Professionally, I still have spent more time in the corporate / enterprise world than I have as a full-time startup person. This will shift in a few years and I don’t regret my time in big business.

I learned a ton about all parts of the organization but perhaps most importantly I learned how important relationships and politics play in getting things done. I would have never known of this (important) dynamic through any other avenue.

But, eventually, I was given a choice to decide to between two different lifestyles and I opted to head down a more entrepreneurial one.
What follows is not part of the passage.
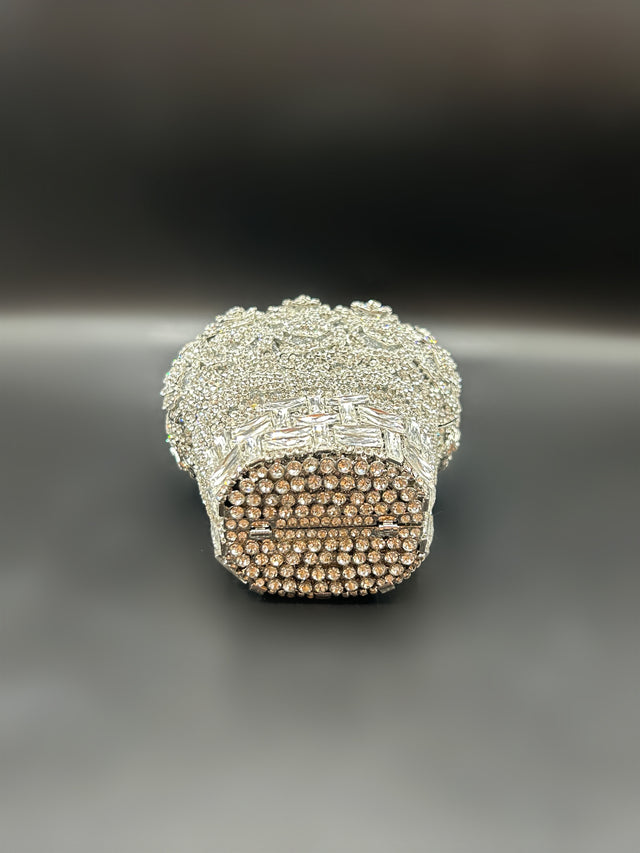A Bundle of Silver Roses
Financially, it’s kind of been break-even if you compare my corporate salary with my exit events. How does this work? Well, if you take the fact that I was an executive at a Fortune 50 at the age of 25 and then aggregate that earning over time compared with the ups and downs of starting your own company and the fact that you pay yourself mostly nothing for a long time and then way below market rate for the rest of the time… the paper-napkin math checks out.

But that’s not why I choose that particular lifestyle. I choose it because I was able to decide on the boulders that I wanted to push uphill; it was my choice on the challenges that I wanted to encounter and pursue.

Unlike corporate, though, where I was handed everything and told to “optimize” or to not break anything, essentially, I felt like I had very little say in anything significant. Show up, do X, negotiate Y, and hope for outcome Z. Get paid and go home. Yawn.

It was my choice. It’s still my choice. And you have the same one too.